My son has a remarkable memory. When applied to the subjects that interest him, its power can be breathtaking. His ability to recall the dates and scores of thousands of NHL games is so stunning that it has left us with mixed feelings.
Of course I love to see the full abilities of his remarkable mind unleashed. At the same time, these displays serve as confirmation of his differences. And as much as I try to celebrate those differences (and have gotten better at doing so over the years) there remains a part of me that wishes they weren’t there. That’s just being honest.
Last night was a good sports night in our household. The three NHL teams we follow, the Devils, Capitals, and Sharks, all won. I mentioned this to Ryan this morning. I couldn’t remember the last time it had happened.
So I asked him if he knew.
Without hesitation, he replied “Thanksgiving, 2010.”
I was stunned, and at the same time, not surprised at all. I’ve seen this before. I asked him to show me.
A few clicks of his mouse later, I was staring at the NHL scoreboard from Nov. 24, 2010 (which was actually a Wednesday, Thanksgiving eve). There it was: Washington 3, Carolina 2. New Jersey 2, Calgary 1. San Jose, 5, Chicago 2.
I asked how he knew. His answer: “I just remembered.”
I asked if he was sure that was the last time this had occurred. He initially said yes, before hesitating and qualifying his answer. It was the last time he knew of it happening.
The exchange gnawed at me as I waited for my commuter train this morning. I suspected Ryan was wrong, that the three teams had won in the same night more recently.

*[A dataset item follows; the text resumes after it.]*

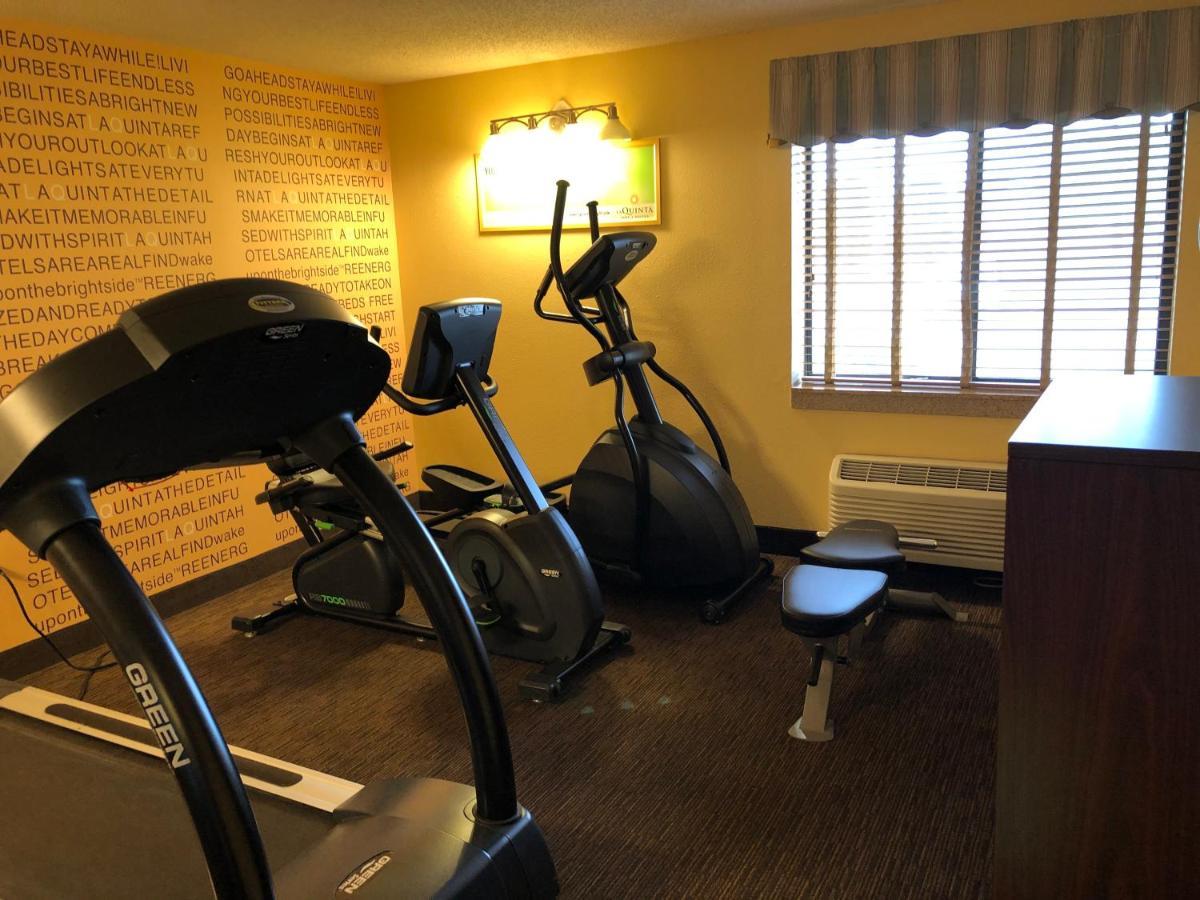 La Quinta By Wyndham Plattsburgh Hotel Bagian luar foto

Still, I was awed by his ability to recall, within seconds, a date when it had happened.
So I started checking, scrolling back through the NHL scores from this season on my phone.
Here’s the thing: He was wrong. By a long shot.
The Caps, Devils and Sharks have all won on the same night four times this season alone. I didn’t check beyond opening night, but surely if it has happened four times since October, there are many other instances in the two intervening questions.
And you know what? I was kind of glad he was wrong.
His being wrong means committing entire seasons worth of data to memory is not something he does compulsively. There was a period over the last couple of years that he studied the NHL scores obsessively. It was during that time that he memorized at least two full seasons’ worth of results.
But he moved on. He still checks the scores. He can still tell us every team’s record on any given day. But his obsessive score-checking has been turned down a notch. It doesn’t bother him at all that he knows more about two recent seasons than all the others. That knowledge is compartmentalized.
OCD may have helped him memorize all that data, but it didn’t compel him to continue doing so beyond the period it interested him to a higher degree.
And yet, the things he memorized during that time are etched in his brain, cataloged, indexed, sortable, and instantly recallable.
Those two seasons are part of the database that makes up his brain, but they’re just a small part. Ryan is not a human computer. He’s a human. As black and white and linear as his brain is, there’s room for zigs and zags and imperfections and the occasional curve among all the straight lines and right angles.
It’s all part of what makes him who he is. He is not easily definable. He may be consistent, but he’s still full of quirks. He colors outside the lines.
As well as I think I understand him — and I like to think that’s pretty darn well — I am still learning about him and how his mind works, one instantly recalled, three-and-a-half year old set of scores at a time.